Leave every picture out and print exactly the lines that run from the one containing "Black Graffiti Print" to the end of the listing.

> Given data:
■ ■ ■ ■ ■
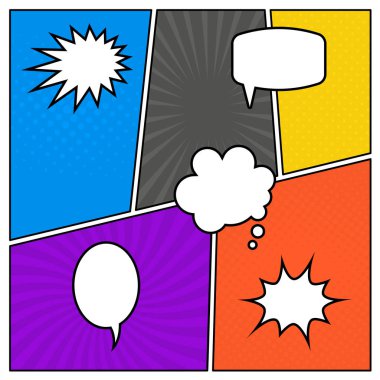 Renkli çizgi roman sayfa arka planı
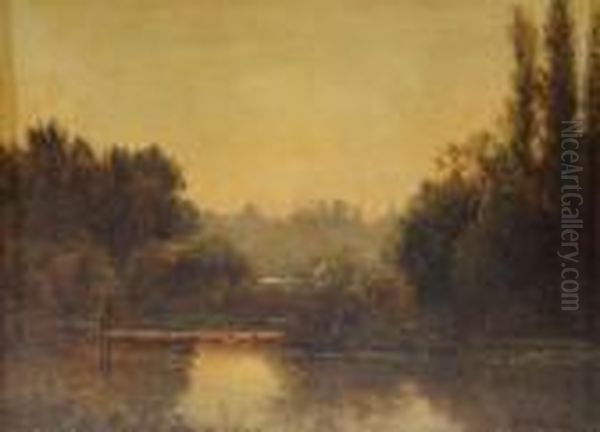 Paesaggio Lacustre Oil Painting by Achille Vertunni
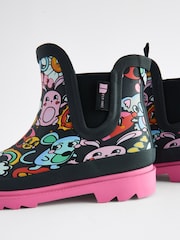 Black Graffiti Print Chelsea Wellies - Image 2 of 2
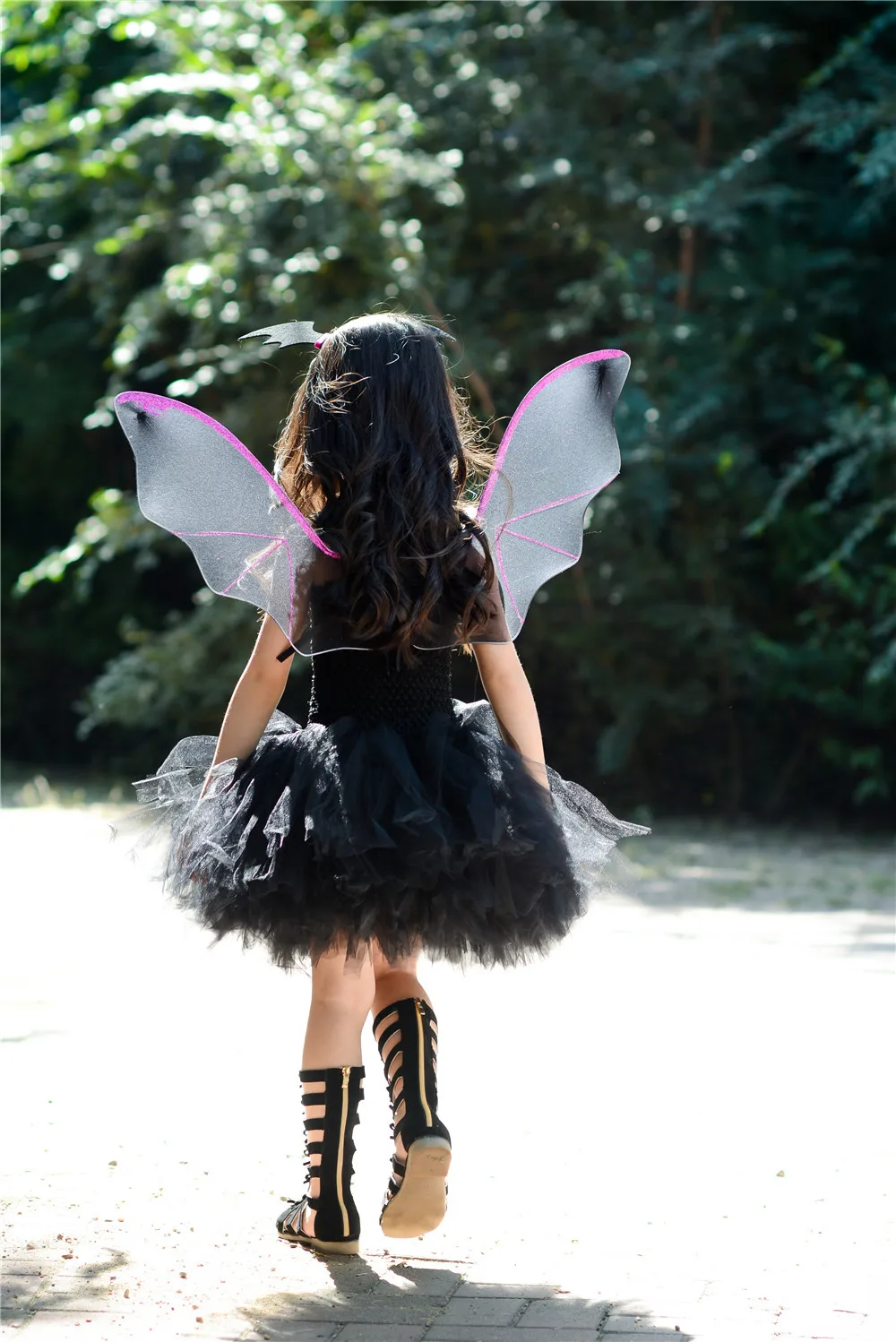 Kids Girl Halloween Dress Little Black Vampire Cosplay Children Kids Party Fashion Clothes Tutu Dresses For Girls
■ ■ ■ ■ ■
> Task solution:
 Black Graffiti Print Chelsea Wellies - Image 2 of 2
 Kids Girl Halloween Dress Little Black Vampire Cosplay Children Kids Party Fashion Clothes Tutu Dresses For Girls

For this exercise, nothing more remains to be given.